By the end of January, manure produced by cattle in Kewaunee County is expected to be fueling semi-trucks and buses in California, the result of a facility now under construction at Pagel’s Ponderosa Dairy.
Ground was broken Wednesday for a processing facility that will convert the gas from Pagel’s biodigester system into what’s being called renewable natural gas, which burns much more cleanly than diesel fuel, said Mark R. Hill Jr., vice president of operations for DTE Biomass Energy.
DTE, an acronym for Detroit Edison, has been operating similar projects for 30 years and now has 20 facilities around the country, all of them using landfill gases, Hill said.
“This is our first foray into manure gas,” he said.
The gas from Pagel’s digester is about 60 percent methane, 40 percent carbon dioxide. The facility will compress the gas and pass it through a series of membranes that strip off the carbon dioxide, leaving “pure, pipeline-quality methane,” Hill said.
The methane will be trucked to a new DTE facility in Newton, about 40 miles south of Kewaunee, where it will be injected into a pipeline.
“This gas goes to California, where it actually gets consumed in an engine,” said David Kailbourne, CEO of Pennsylvania-based REV LNG, a “diversified liquified natural gas and compressed natural gas distribution and solutions company” that is developing the facility with DTE Biomass Energy. “It gets consumed in a big 18-wheeler truck fleet, it gets consumed in city buses, and it displaces diesel fuel … with renewable natural gas that’s made right here in Wisconsin.”
“We know a thing or two about taking dirty biogas, and refining it and purifying it and making it into a renewable resource,” said Kevin Dobson, DTE vice president of business development.

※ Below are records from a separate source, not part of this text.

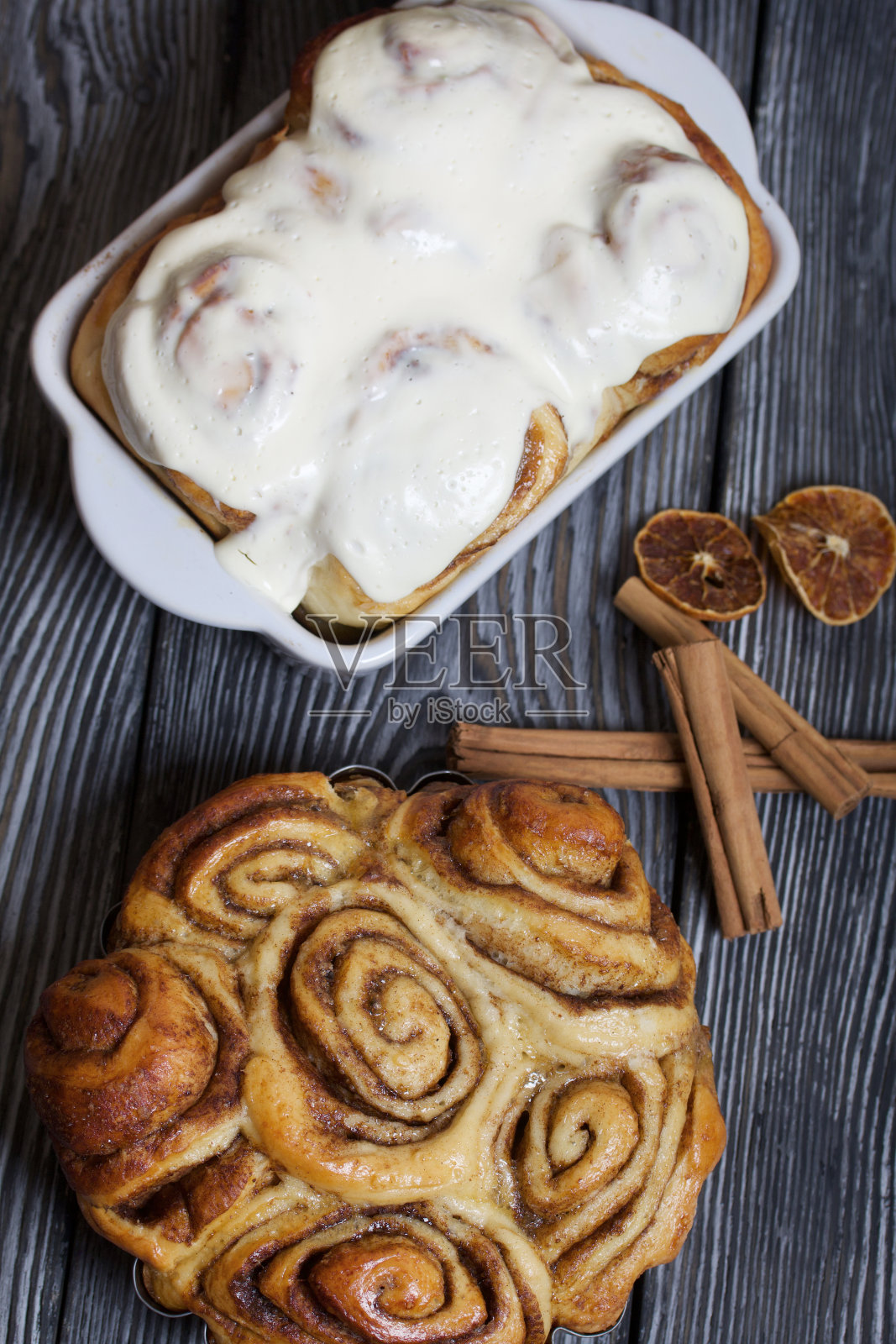 烤肉桂饼的形状。有些上釉。站在黑色的复合板上。附近是肉桂棒。特写镜头。照片摄影图片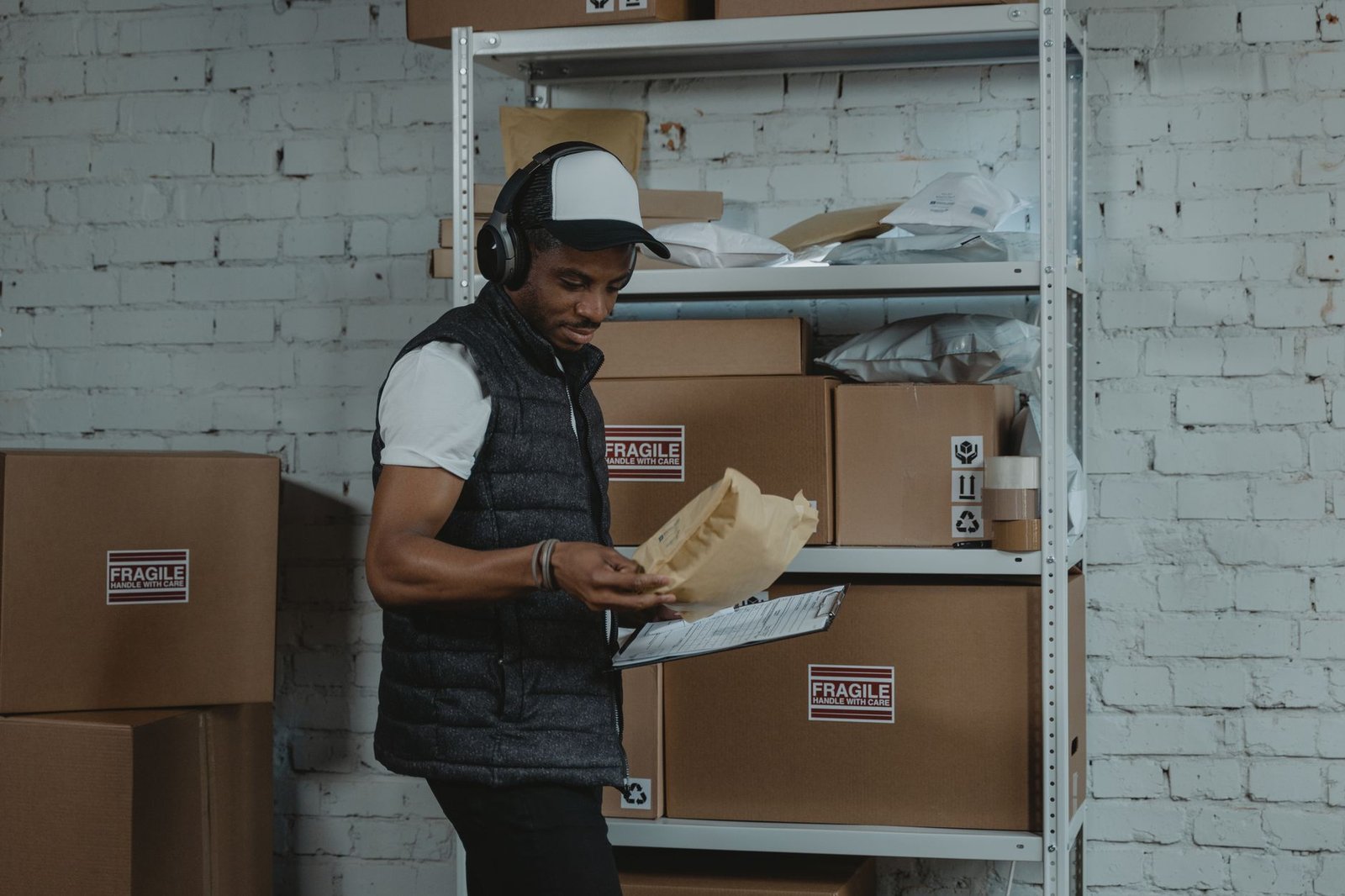 Warehouse worker sorting packaged goods for export dispatch
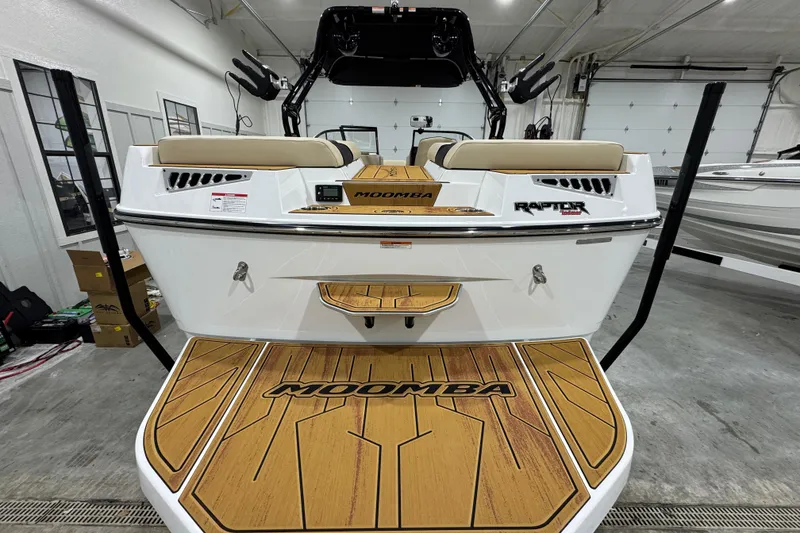 Slide: The Image of 2026 Moomba Mojo boat with Raptor engine, featuring teak-style deck in a showroom. - 3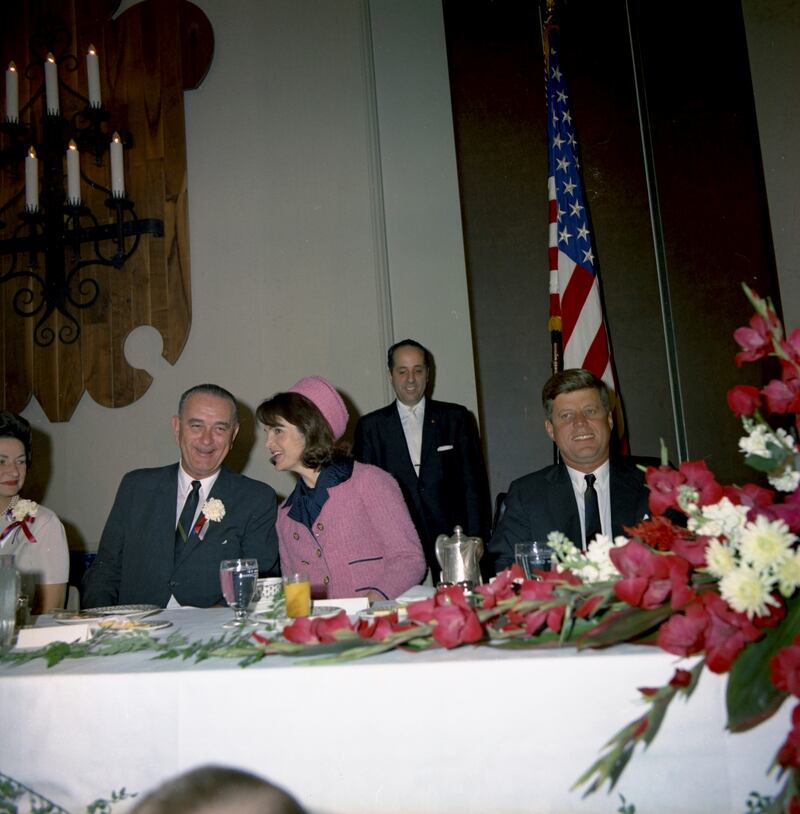 Former U.S. President John F. Kennedy (R) and first lady Jacqueline Kennedy (C) attend the Fort Worth Chamber of Commerce breakfast at the Hotel Texas in Fort Worth,Texas, in this handout image taken on November 22, 1963.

The natural gas that will come from the facility is indistinguishable from the natural gas that comes out of the ground, hence the label “renewable” natural gas, Dobson said.
The gas just from Pagel’s Ponderosa Dairy, once refined into RNG and put into vehicles, will save greenhouse gas emissions equivalent to removing roughly 9,200 fossil-fuel-burning vehicles from the road every year, about 5 million gallons of gasoline, Dobson said.
“It’s a phenomenal environmental benefit from this project,” he said. “We can’t be more proud.”
J.J. Pagel said the new facility is a tribute to the vision of his father, John, who died in February but started the conversations with DTE Biomass Energy and REV LNG.
“Our family has always tried to be on the cutting edge of innovation,” Pagel said.
The companies have already received necessary permits from the state Department of Natural Resources and other regulatory entities, and the target date to be up and running is mid-January, company officials said.